На окончательное выздоровление Котовского отправили на благословенный юг, в места, которые он знал, под Одессу, – сырые, пробивающие человека насквозь питерские ветры здоровья прибавить никак не могли, спасти мог только сухой горячий юг. И так уж получилось, – судьба есть судьба, – что туда же, в южном направлении, на переформирование была отправлена и бригада Котовского, получилось это одновременно.

В боях под Петроградом бригаде участвовать так и не пришлось: обстановка сложилась такая, что между противниками происходили лишь артиллерийские дуэли, да винтовочные пикировки, больше ничего не было, поэтому котовцев решили отправить назад, на Украинский фронт.

Своего командира котовцы вспоминали часто, у иного здоровяка, запросто сваливающего кулаком с ног коня, начинали расстроенно блестеть глаза, и сам он потом долго не мог унять озабоченную нервную дрожь, трепавшую его губы:

– И где наш Григорий Иванович сейчас находится? Как он там, жив?

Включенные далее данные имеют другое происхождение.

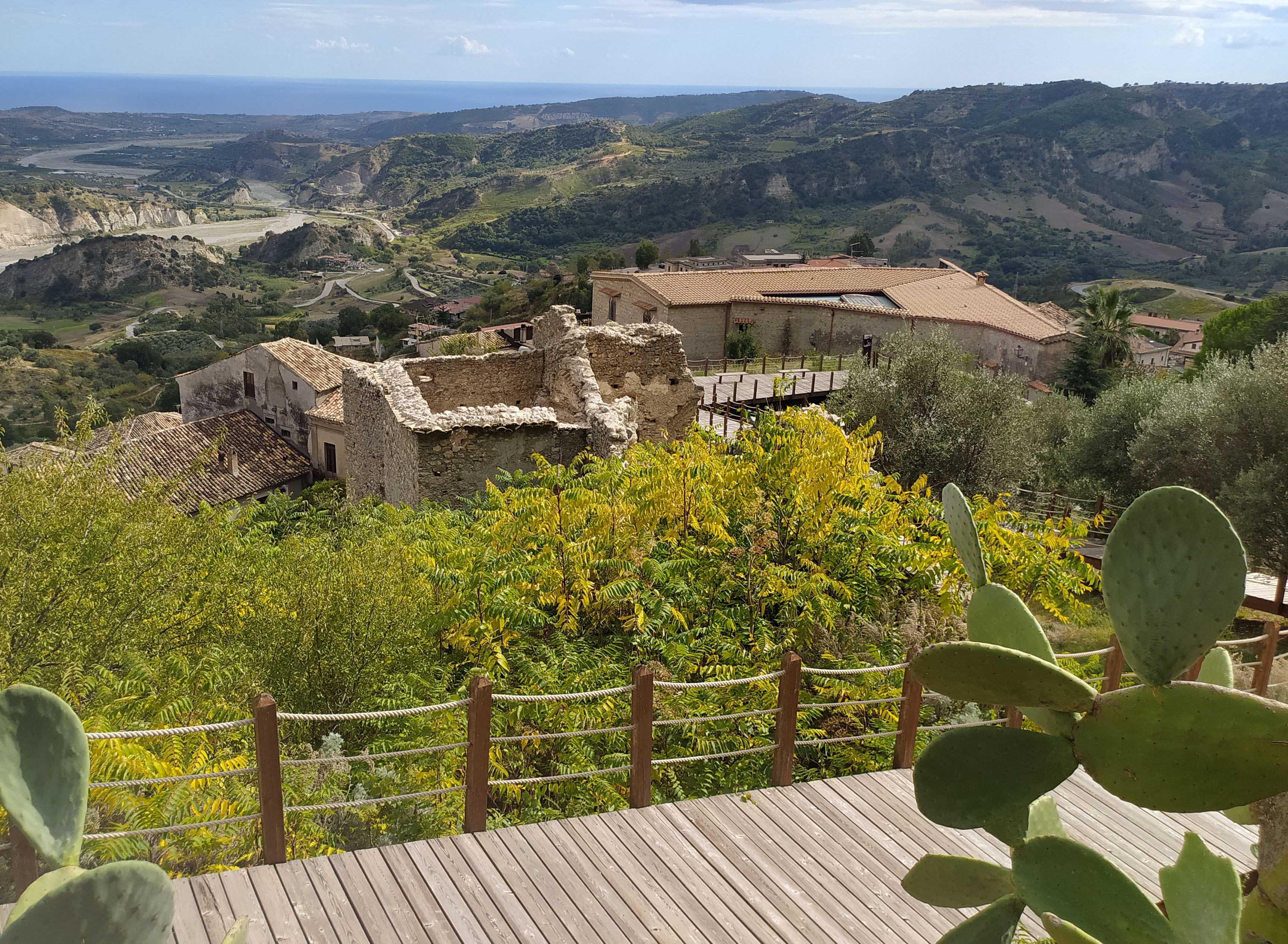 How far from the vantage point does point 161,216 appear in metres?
181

А Григорий Иванович в это время дивился своей слабости, словно бы кости у него обратились в солому, ноги не держали тело и подгибались немощно.

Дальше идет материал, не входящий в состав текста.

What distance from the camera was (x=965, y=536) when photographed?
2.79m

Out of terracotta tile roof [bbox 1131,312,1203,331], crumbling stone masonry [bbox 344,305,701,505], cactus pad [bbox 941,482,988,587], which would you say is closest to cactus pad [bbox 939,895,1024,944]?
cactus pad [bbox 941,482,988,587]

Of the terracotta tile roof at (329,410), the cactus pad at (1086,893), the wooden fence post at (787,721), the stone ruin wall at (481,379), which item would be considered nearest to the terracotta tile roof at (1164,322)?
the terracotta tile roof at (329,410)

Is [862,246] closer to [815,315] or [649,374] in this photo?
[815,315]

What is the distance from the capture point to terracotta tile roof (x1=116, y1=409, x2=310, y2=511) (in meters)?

В таком состоянии до Одессы он явно не доберется… И Котовскому дали сопровождающего – опытного старичка фельдшера по фамилии Белозеров, неплохо соображавшего в медицине, но такого древнего, что он, забываясь, Суворова называл Сашкой, а Кутузова Мишкой.

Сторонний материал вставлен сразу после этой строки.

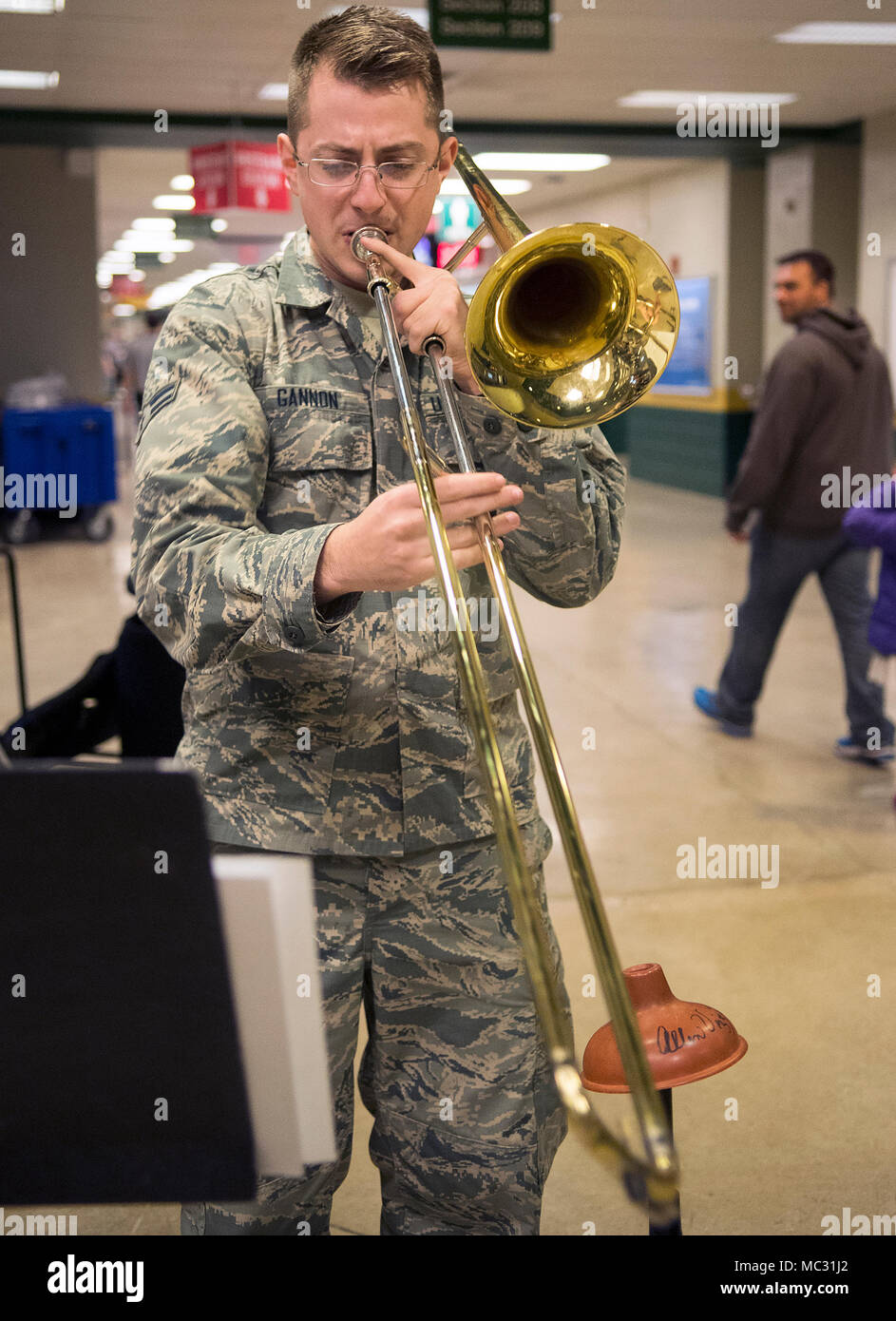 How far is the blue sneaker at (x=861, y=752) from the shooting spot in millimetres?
4652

Подцепил старичок Котовского под локоть, прохрюкал что-то себе под нос, и они вместе поплелись на железнодорожный вокзал.

В городе на улицах гудели, суетились, перекрикивались, толкались, объяснялись друг с другом, пели, плясали, пили кипяток из дымящихся кружек люди: Петроград жил своей жизнью, а Котовский и старичок вместе с ним этой жизни завидовали.

Сопровождающий чем-то походил на деда Афроима – суматошного мальчугана с седой бороденкой, человека неопределенного возраста, с пронзительным взглядом и проникновенной, как у проповедника, речью.

– Глядишь, Черное море снова повидаю! – радовался старичок по-детски, обтирал ладонью морщинистое лицо. – Последний раз я его видел, когда война с германцами еще даже не задумывалась.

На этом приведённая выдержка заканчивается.